Moreover, the European reformation also turned into a political conflict. Luther had the support of local rulers but not of the Habsburg emperor. Luther worked closely with political authorities, viewing them as fully justified in reforming the church in their territories. Thus, just as in the Ottoman and Safavid Empires, rulers partially drew their legitimacy from their support for religion. By 1530, many parts of the Holy Roman Empire and Scandinavia had broken with the Catholic Church and the king’s great matter in England.

Furthermore, much of the religious conflict was also political. For example, Dynastic interests were also involved in the 30-year war. The Spanish Habsburgs strongly supported the goals of their Austrian relatives alongside the unity of the empire and the preservation of Catholicism within it.

16
Q

What was the relation between the religious changes in Europe and overseas expansion?

A

Jesuits.

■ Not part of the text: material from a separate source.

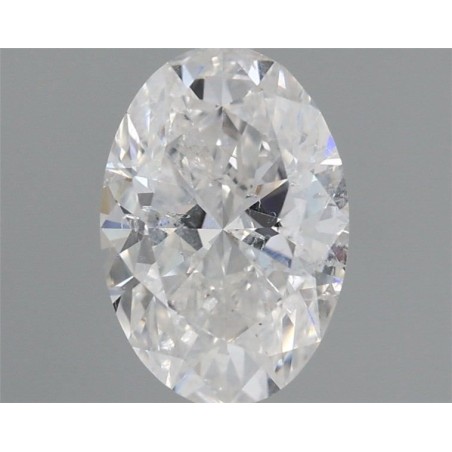 Diament szlif owalny, 1ct, SI2, G, HRD 250000127414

Founded by Ignatius Loyola (1491-1556) in 1540, this order played a powerful international role in strengthening Catholicism in Europe and spreading the faith around the world. Recruited primarily from wealthy merchant and professional families, the Society of Jesus developed into a highly centralised organisation. It established well-run schools to educate the sons of the nobility as well as the poor. The Jesuits achieved phenomenal success for the papacy and the reformed Catholic Church, carrying Christianity to South and Central America, India, and Japan before 1550 and to Brazil, North America, and the Congo in the seventeenth century. Also, as confessors and spiritual directors to kings, Jesuits exerted great political influence.

17
Q

Waghenaer’s general Sea Chart of Europe, first published by Waghenaer in 1583.

A

Waghenaer’s General Sea Chart of Europe, first published in 1583 by Lucas Janszoon Waghenaer, represents a significant milestone in the history of cartography and navigation. This map, also known as the “Spieghel der Zeevaerdt” or “The Mariner’s Mirror,” revolutionized marine navigation by providing sailors with accurate and detailed charts of European coastal waters.

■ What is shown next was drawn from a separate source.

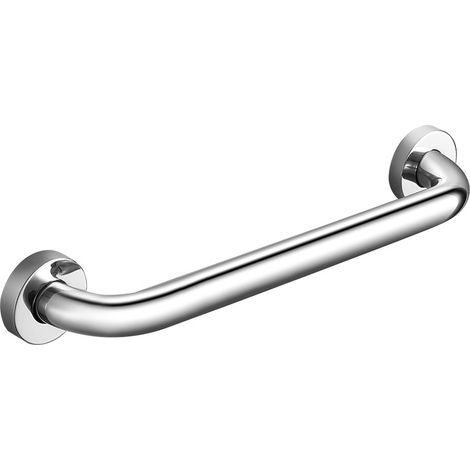 Main courante en acier inoxydable, longueur 530mm – installation encastrée – longueur utile 470mm (1/5)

Waghenaer, a Dutch cartographer and navigator, recognized the need for reliable navigational aids to facilitate safe maritime travel, particularly in Europe’s busy waterways. His Sea Chart of Europe was meticulously crafted using the latest surveying techniques and firsthand observations from his extensive voyages.

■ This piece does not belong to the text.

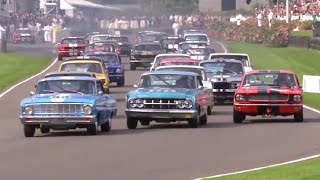 Goodwood Revival 2014 Race Highlights  Shelby Cup [upl. by Colin]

The chart features precise depictions of coastlines, navigational hazards, and prominent landmarks, enabling sailors to confidently and accurately navigate. It also includes valuable information on currents, tides, and navigational routes, essential for planning successful sea voyages.

Moreover, Waghenaer’s Sea Chart of Europe incorporated innovative cartographic elements, such as rhumb lines and compass roses, to aid in course-plotting and orientation. These features contributed to the practical utility of the chart and cemented its reputation as an indispensable tool for mariners navigating European waters.

Beyond its navigational significance, Waghenaer’s general Sea Chart of Europe holds cultural and historical importance as a testament to the advancements in maritime cartography during the Renaissance period. It exemplifies the era’s spirit of exploration, scientific inquiry, and technological innovation, laying the groundwork for future marine navigation and chartmaking developments.